As video game consumers, we’ve all grown both weary and wary of all the DLC in our games. I do, however, think that most of us have come to terms with the fact that it’s just part of the business model. There’s DLC that’s done right, of course – like The Witcher 3’s set of expansions that each offer more engaging content than some whole games.

But there’s a very different sort of DLC that’s permeated games. They’re perfectly acceptable in smaller games, and in free to play ones – but they’re increasingly starting to show up in full priced, retail ones. Yes, I’m talking about microtransactions – the sort that offer your characters more money, or XP – the sort of stuff you should be getting by playing the game.

DEMTs

The latest egregious offender in this regards is of course, Deus Ex: Mankind Divided. It’s a single player game, so paying real money for in-game credit chips or the Praxis kits necessary to upgrade your augmentations only hurts the experience for the player.

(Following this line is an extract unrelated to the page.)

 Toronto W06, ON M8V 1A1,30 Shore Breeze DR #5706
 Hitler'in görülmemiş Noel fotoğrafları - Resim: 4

Ars Technica’s written an entire editorial around it, saying

“As it turns out, the game’s publishers and developers slapped a paid-money system into the campaign mode, which makes DX:MD one of the rare modern $60-for-a-quest games where you can pay additional money to beef yourself up. You get two options in this regard: buy more in-game “credits,” which you use at the game’s shops to buy more weapons, ammo, and items, or buy “Praxis Kits,” which you spend on hero Adam Jensen’s cyborg-ability upgrades. Each time you level up, you get one Praxis Kit, and most upgrades require spending one to two Kits.”

It seems to be entirely publisher mandated, of course. When furore around these microtransactions first erupted, the game’s developers took to reddit to calm the storm. An Eidos community manager said that nobody need buy any of these to play through the game.

Remember when you could do this sort of thing by inputting cheat codes? Anyway, where do you draw the line on microtransactions? What’s okay and what’s not when it comes to wholly optional, but in-your-face monetisation in AAA games?

On hand, I don’t think it’s my place to tell people what do do with their money. If people want to spend money ruining this non-competitive game for themselves, that’s their prerogative.  On the other, it’d be far too easy for developers to slip in a few balance curves that’d make people feel like they needed to whip out their credit cards.